We would like to call out that only respondents who said they have had more incidents since work from home were asked this question.  But we wanted to include the data for diligence.
A net +9% of respondents said managing incidents has become more effective since at home.  This is a fascinating data and we wonder if there is a correlation of better incident management to companies doing less releases (according to this Atlassian data, 66% of respondents have slowed the frequency of their software releases).  Note the 14% of respondents who chose unable to evaluate and identify opportunities to see if this is due to being at home.

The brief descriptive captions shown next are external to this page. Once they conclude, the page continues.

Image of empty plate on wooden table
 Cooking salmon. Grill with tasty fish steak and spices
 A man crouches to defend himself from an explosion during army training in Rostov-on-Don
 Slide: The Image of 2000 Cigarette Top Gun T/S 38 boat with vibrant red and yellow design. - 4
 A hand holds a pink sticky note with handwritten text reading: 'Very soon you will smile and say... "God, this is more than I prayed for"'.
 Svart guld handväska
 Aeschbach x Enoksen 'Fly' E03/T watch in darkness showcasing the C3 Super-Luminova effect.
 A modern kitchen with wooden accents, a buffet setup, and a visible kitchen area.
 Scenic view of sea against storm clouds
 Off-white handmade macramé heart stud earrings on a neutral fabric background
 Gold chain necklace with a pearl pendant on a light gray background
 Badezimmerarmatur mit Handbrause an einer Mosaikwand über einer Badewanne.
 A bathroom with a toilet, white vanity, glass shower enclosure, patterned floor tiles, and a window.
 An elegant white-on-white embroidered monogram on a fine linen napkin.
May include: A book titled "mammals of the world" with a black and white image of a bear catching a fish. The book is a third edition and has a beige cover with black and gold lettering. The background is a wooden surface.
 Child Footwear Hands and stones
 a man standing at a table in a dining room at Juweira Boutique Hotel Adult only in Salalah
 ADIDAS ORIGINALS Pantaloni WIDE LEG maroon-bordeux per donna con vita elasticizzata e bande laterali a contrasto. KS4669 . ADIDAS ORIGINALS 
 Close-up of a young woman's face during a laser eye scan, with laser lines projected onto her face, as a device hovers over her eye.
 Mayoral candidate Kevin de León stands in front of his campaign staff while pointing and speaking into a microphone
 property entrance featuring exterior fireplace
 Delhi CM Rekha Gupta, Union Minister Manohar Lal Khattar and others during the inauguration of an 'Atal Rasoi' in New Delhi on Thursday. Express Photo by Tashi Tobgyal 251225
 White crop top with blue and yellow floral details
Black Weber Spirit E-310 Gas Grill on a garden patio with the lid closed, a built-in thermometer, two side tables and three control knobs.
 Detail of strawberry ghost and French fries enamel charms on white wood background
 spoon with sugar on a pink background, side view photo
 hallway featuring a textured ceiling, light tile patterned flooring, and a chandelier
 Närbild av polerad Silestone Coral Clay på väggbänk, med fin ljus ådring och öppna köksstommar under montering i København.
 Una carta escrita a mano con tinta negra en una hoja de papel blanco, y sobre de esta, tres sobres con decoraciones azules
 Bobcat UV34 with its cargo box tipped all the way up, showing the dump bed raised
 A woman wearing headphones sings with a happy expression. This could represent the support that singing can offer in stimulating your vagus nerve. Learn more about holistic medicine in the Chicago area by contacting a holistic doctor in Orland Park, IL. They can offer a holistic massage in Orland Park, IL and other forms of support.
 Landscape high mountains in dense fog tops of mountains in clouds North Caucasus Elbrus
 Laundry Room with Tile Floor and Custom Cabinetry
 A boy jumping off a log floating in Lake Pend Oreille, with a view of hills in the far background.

Please rate the effectiveness of your incident management process(es) since 'at home'.

The last direct question we asked in our ‘at home’ survey was, “Have you, or anyone on your team, had to be on site?"  For the 14% who responded yes to this question, we then open-endedly asked, “How many times?”.  Their answers ranged from always and one person per shift (follow the sun) to just once and every couple of weeks.

Have you had to be on site since ‘at home?

What aspects of incident management has become more challenging since ‘at home’?

As we work to close this year’s report, we offer one last datapoint while companies re-evaluate how they will continue business.  We asked, “How often are you conducting disaster recovery scenarios since at home?"  As you consider how your various recovery times may be affected in the event of a disruption, consider the previous path to preventive motto as you work to design and implement observable systems.

Observability is all about being able to answer, “Why is our customer’s experience the way it is?”  Is it because of a third party, application code, transit network, or other delivery chain component like DNS or CDN?  Then use those answers to iterate on improving either existing or new products or services.

When ‘building in’ reliability, consider the split between development versus operational work as you develop your SRE charter.  The goal here is to include reliability as early as possible as it is much easier to improve reliability of an already reliable system.

Last, consider the distributed nature of your workforce and acknowledge sets of challenges which may have been previously-ignored or non-existent.  Things like toil, lack of support, work/life balance, and feelings of isolation may cause certain playbooks or processes to be re-evaluated from the ground up.

How often are you conducting disaster recovery scenarios since 'at home'?

Methodology

In January 2020, Catchpoint conducted an SRE survey promoted via email lists and social media. The survey questioned technical professionals from across a variety of industries about their role as a site reliability engineer.  Through the report, this set of questions is referred to as the "pre" set of questions.

In June 2020, Catchpoint conducted an addendum survey to include consideration for worldly events regarding the COVID 19 stay-at-home mandate.  This set of questions was designed to ask various "what has changed" questions and is referred to as the "post" or "at home" set of questions.

At the time of this report writing, there were a total of 594 survey respondents.  Additional responses trickled in the time between formatting the report and authoring the appendix, but they only affected the statistics in this report by less than 1%.